Archive for January 3rd, 2007
Audi’s new luxury cars engineered on Linux
For several years, German automobile manufacturer Audi AG, a subsidiary of the Volkswagen Group, has been steadily migrating its engineering systems over to Linux. The company hopes to finish the job in 2007 and have the bulk of its servers and workstations running 64-bit Linux by the end of the year.
Recently Audi, whose longstanding motto is “Vorsprung durch Technik” (“Progress through technology”), has been upgrading to 64-bit Linux in deploying its automotive CAE (Computer-Aided Engineering) servers, where simulation software is used in the design of casts, frames, and components, as well as for crash-test simulations and other 3-D visualization problems, as part of the greater migration to Linux.
“2003 and 2004 saw an explosion in the use of x86 systems using Linux,” says Audi spokesman Florian Kienast. “These systems are now being replaced by x86_64-based systems.”
Kienast says that most CAE applications that the company uses perform well on the x86_64 architecture. “The systems have enough memory and I/O bandwidth to cope with the requirements of the applications,” he says. “The notable exceptions are MSC Nastran and ABAQUS — these products are extremely power-hungry. Here, the large cache available on the Itanium 2 has proved to be extremely valuable.”
The move to Linux is occurring not only on the server side; the company is using Linux for workstations, too.

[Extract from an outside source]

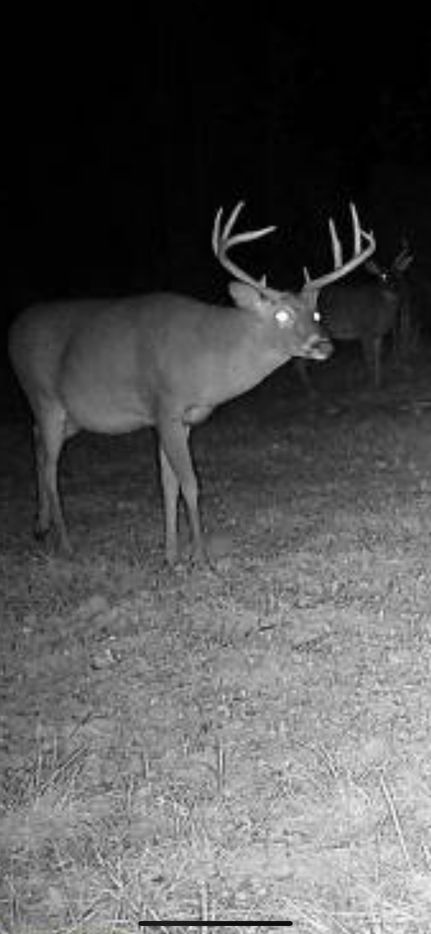 Property for sale in Copiah County, Mississippi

“On [both] the server and workstation sides, we are moving steadily towards a 100% 64-bit Linux environment,” says Kienast. “The number of CPUs available for CAE purposes will continue to increase as the hardware costs sink.”

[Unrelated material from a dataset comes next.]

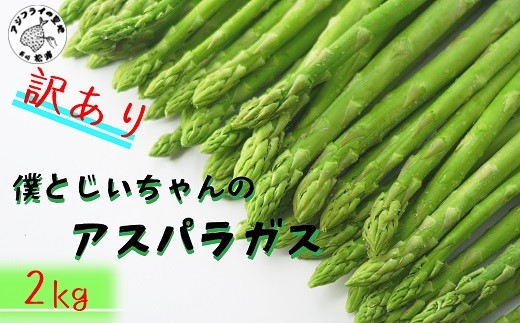 訳ありご家庭用に大活躍！僕とじいちゃんのアスパラガス2kg ( 訳あり 不揃い アスパラガス 大容量 新鮮 朝採れ 野菜 生産者直送 )【158-0001】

Audi is not a Linux newbie; this migration is part of a much longer move to Linux that the company has been making over the past several years, beginning with the deployment of Linux clusters for simulations. “Audi deployed the first Linux cluster of servers in April 2001,” says Kienast.

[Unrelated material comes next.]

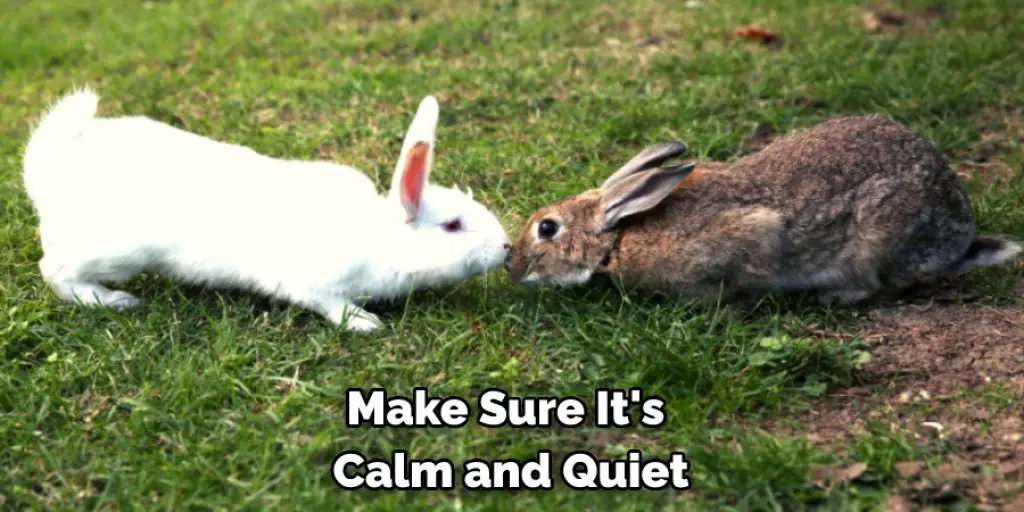 Make Sure It's  Calm and Quiet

These were for EMC (electromagnetic compatibility) simulations, which solve automotive engineering problems concerning the testing of the various electrical and electronic components to ensure that there is no interference or system disturbances. This cluster, says Kienast, was the real start of Linux at Audi. Then in the following year, he says, the first Linux-powered workstations were put into action — after which Linux became the company’s preferred choice for both CAE servers and workstations.